What about the pueblitos? Some were built to shelter farm families during raids, others shielded religious leaders and the elderly, still others served as lookouts and signaling sites. Each tells us more about a time when frontiers were crossed, alliances made and broken, the worlds of Pueblo, Navajo, Spanish, and Ute met, and the Southwest was changed forever.

During the Gobernador Phase, 1680-1780 A.D., the Navajo population was still small, estimated at approximately 3500. The Pueblo Revolt marks the beginning of the phase. Settlement was concentrated in the Dinetah area, considered the Navajo homeland, along the Gobernador and Largo canyons of northwestern New Mexico. Most of the occupation of the Gobernador Phase is early 18th century, not during the Pueblo Revolt. There are sites with both masonry rooms and forked-stick hogans, and trade items from both the Spanish and the Pueblos. Some of the ceramics of the phase are decorated polychrome, and the plain pottery has fillets below the rim. It was originally thought that the Gobernador Phase was a period in which Pueblo and Navajo people lived together, but recent discovery suggests the Navajo built these structures for defense from Spanish and Ute. Many have dead-end entries, serpentine passages, encircling defensive walls, single points of access, loopholes for gun ports, and removable logs for ladders and bridges. By this time, the Navajo clearly show the incorporation of features from Spanish and Pueblo influence, especially corn, sheep, weaving, and polychrome pottery manufacture. The Navajo moved to the south and west at the end of the 18th century, probably because of conflict with both the Ute and Comanche.

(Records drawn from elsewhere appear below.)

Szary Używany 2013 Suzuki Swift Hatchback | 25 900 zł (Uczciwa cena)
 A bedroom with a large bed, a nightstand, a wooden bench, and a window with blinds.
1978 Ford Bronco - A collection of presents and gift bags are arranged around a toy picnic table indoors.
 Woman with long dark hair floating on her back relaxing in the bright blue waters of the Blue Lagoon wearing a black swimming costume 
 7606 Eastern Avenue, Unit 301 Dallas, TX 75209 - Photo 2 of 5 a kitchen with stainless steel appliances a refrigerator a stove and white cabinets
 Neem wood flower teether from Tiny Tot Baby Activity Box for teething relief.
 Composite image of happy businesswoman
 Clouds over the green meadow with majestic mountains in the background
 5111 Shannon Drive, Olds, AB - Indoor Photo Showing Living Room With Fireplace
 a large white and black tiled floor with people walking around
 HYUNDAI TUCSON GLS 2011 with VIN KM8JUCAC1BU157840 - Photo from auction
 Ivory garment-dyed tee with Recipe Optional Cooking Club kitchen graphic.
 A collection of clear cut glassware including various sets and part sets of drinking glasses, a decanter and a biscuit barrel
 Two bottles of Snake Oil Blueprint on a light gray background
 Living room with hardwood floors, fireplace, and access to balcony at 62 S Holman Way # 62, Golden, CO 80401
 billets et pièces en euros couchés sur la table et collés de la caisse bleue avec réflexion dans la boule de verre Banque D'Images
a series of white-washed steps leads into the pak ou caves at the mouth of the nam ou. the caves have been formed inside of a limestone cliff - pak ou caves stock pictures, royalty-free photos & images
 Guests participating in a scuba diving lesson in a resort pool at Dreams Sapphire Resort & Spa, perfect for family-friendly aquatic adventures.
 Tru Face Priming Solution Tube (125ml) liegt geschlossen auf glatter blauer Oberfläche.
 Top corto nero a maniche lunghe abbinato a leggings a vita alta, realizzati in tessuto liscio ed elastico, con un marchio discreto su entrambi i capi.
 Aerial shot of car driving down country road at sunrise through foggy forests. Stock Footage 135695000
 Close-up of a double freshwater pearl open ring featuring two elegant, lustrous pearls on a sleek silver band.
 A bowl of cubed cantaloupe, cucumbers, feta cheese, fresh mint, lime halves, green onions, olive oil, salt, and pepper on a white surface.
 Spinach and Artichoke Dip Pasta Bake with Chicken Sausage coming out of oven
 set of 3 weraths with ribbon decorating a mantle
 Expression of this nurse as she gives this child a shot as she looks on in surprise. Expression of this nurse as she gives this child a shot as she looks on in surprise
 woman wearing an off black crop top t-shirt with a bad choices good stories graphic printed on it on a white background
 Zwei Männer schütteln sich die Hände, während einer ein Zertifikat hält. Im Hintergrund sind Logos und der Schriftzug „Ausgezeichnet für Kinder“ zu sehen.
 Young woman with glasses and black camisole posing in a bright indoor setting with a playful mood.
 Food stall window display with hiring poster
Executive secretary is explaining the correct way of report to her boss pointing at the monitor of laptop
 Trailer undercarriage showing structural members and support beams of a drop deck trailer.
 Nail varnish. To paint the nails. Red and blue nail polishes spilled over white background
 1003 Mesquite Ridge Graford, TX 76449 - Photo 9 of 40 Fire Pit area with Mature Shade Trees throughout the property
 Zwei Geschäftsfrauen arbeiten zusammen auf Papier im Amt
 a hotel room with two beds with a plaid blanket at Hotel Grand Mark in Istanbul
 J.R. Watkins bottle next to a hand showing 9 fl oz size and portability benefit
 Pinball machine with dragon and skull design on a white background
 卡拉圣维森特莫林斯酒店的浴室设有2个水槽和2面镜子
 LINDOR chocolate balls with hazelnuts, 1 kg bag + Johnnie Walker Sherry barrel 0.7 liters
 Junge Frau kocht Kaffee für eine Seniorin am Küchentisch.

Navajo rugs - Navajo Dinetah pueblito

The most striking sites of the Gobernador are the "pueblitos" which guard the canyons and their memories. These stone fortresses, nearly invisible against the forested horizon or at the base of the canyon walls, sheltered families and their foodstuffs from about 1680 through the 1750s. Even earlier, though, are the mud and wood hogans, sweatlodges, windbreaks and ramadas which cluster on mesa tops throughout the Gobernador. The hogans, single room, earth-sheltered homes with a log and pole frame, have yielded tree-ring building dates going back to at least 1541. Future archaeological research may well reveal earlier houses.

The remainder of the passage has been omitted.